Im April 2000 stieß der Historiker Thomas Mang im Zuge der Recherchen zu seiner Dissertation im Wiener Stadt- und Landesarchiv auf 51 bislang unbeachtete Kartons, die fälschlich als "Gauakten" beschriftet waren, aber die Erkennungsdienstliche Kartei der Wiener Gestapo-Leitstelle enthielten.
Bereits in den 1970er-Jahren hatte Wolfgang Neugebauer, 1983 - 2004 wissenschaftlicher Leiter des DÖW, bei der Wiener Polizei und über das Innenministerium diese Gestapo-Kartei gesucht. Damals hatten die Behörden das Vorhandensein der Dokumente bestritten.

Die Wiener Gestapo mit Sitz im ehemaligen Hotel "Metropole" am Morzinplatz war mit über 900 Mitarbeitern die größte Gestapo-Dienststelle in Nazi-Deutschland. Tag für Tag wurden hier bis zu 500 Menschen zur Einvernahme vorgeladen oder nach erfolgter Verhaftung eingeliefert. Karl Ebner, der stellvertretende Leiter der Wiener Gestapo-Leitstelle, nannte das euphemistisch "Parteienverkehr". Insgesamt dürften mindestens 50.000 Personen in die Mühlen von Wiens Gestapo geraten sein.

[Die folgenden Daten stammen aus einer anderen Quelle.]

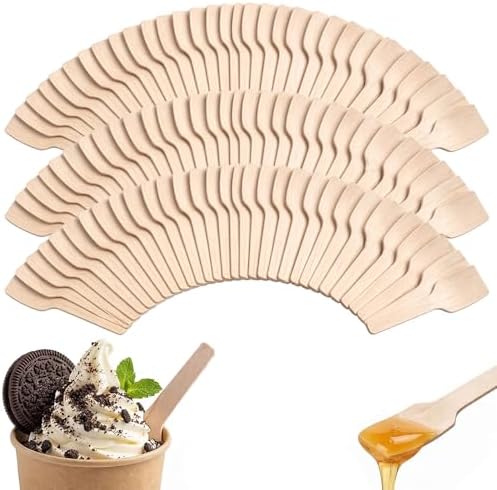 Cucharas de Madera Bekith 400 Pcs, Mini Cucharas Desechables de 2-3/4 para Helados, Manualidades y Muestras de Exfoliantes Orgánicos - imagen 1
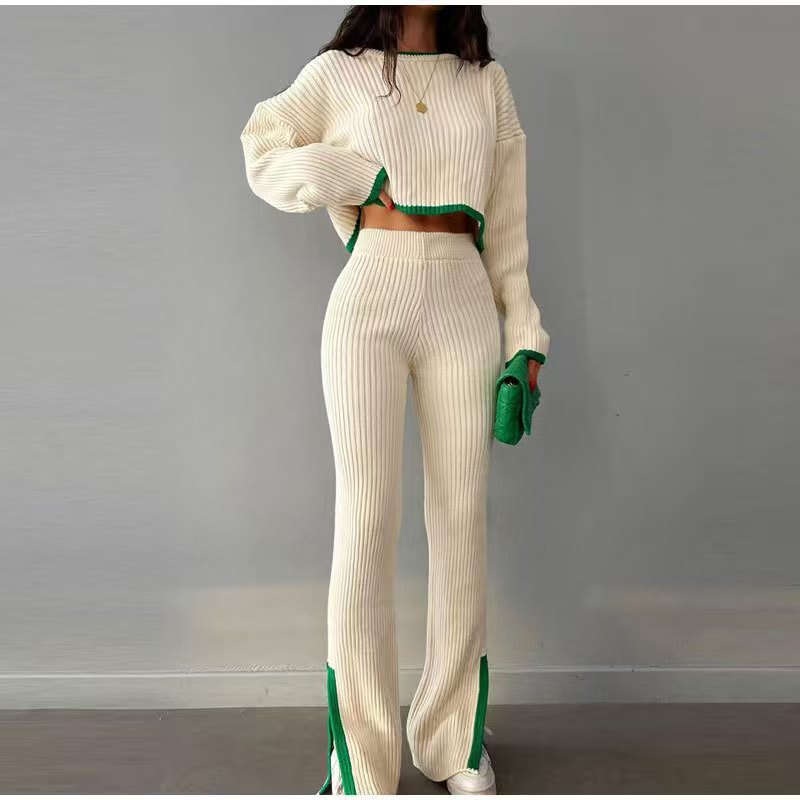 Spot autumn and winter European and American foreign trade new cross-border Russian long sleeved sweater set knitted top long pants set women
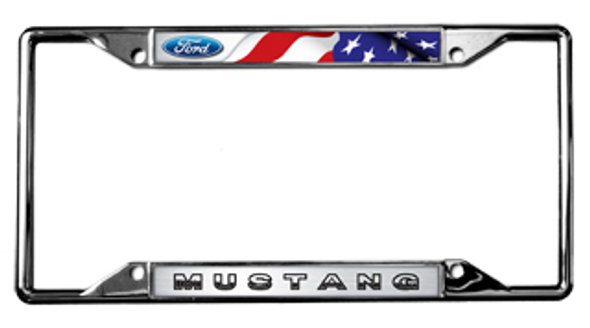 Chrome Lite License Plate Frame Fits Ford Mustang w/USA Flag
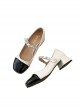 Retro Daily Versatile Elegant Lady Style Black Toe Cap Mary Jane Metal Buckle Classic Lolita Thick Heel Leather Shoes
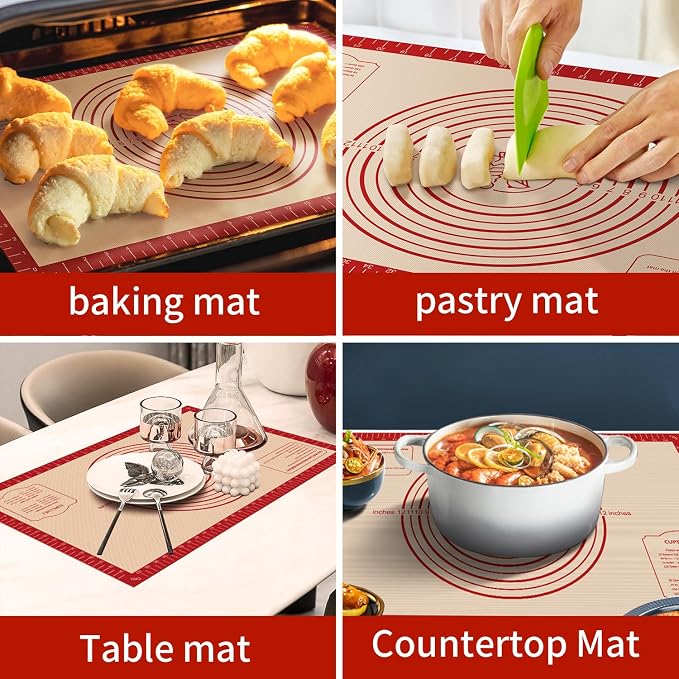 Non Stick Silicone Pastry Mat, Dough Mat for Rolling, Food-grade Reusable Baking Mat Fondant Mat Nonslip Kitchen Mat for Counter Oven Mat for Making Cookies Macarons Bread Pizza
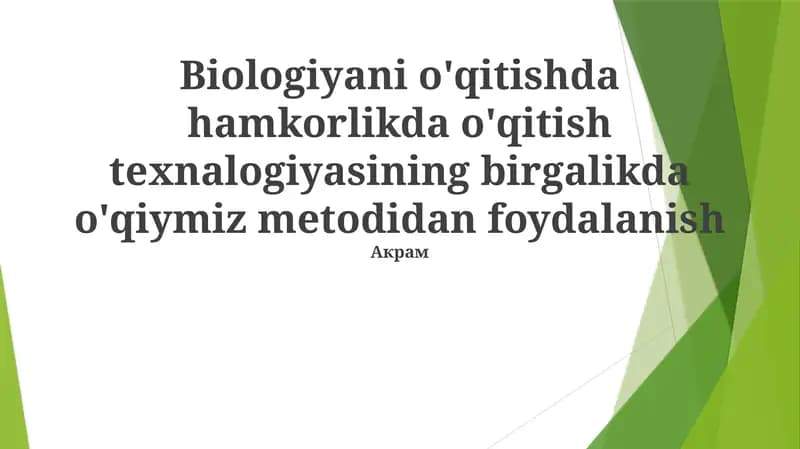 Birga O'qiymiz metodidan foydalanish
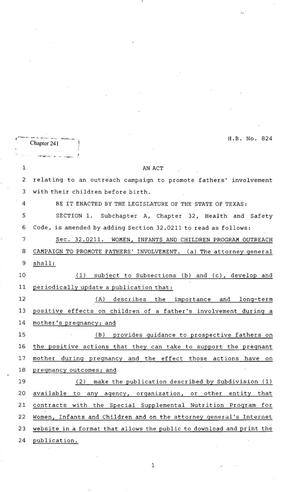 Primary view of object titled '82nd Texas Legislature, Regular Session, House Bill 824, Chapter 241'.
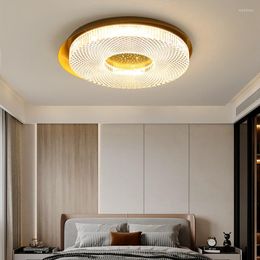 Ceiling Lights Nordic Recessed Led Ultra-thin Round Light Luxury Crystal Lamp Bedroom Room Post-modern Minimalist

Über 11.000 Menschen sind in der vorliegenden Erkennungsdienstlichen Kartei der Wiener Gestapo erfasst; Fotos wurden angefertigt und auf "Photographierscheinen" wurde die "Verbrecherklasse" verzeichnet. Hier spiegelten sich die gegen jedes oppositionelle und non-konforme Verhalten gerichteten Gesetze des NS-Terrorregimes: Arbeitsunwilliges Verhalten, Abhören von feindlichen Sendern, Geschlechtsverkehr mit Kriegsgefangenen, homosexuelle Beziehungen, Verstöße gegen antijüdische Vorschriften, kommunistische oder staatsfeindliche Betätigung bis zu Vorbereitung zum Hochverrat. Registrierkarten von später prominent gewordenen Gestapo-Häftlingen, wie jene des Justizministers Christian Broda oder der Architektin Margarethe Schütte-Lihotzky, finden sich darunter. Auch langjährige DÖW-MitarbeiterInnen wie Antonia Bruha, Hans Landauer und Ferdinand Hackl gehörten zu den von der Gestapo erkennungsdienstlich erfassten Häftlingen.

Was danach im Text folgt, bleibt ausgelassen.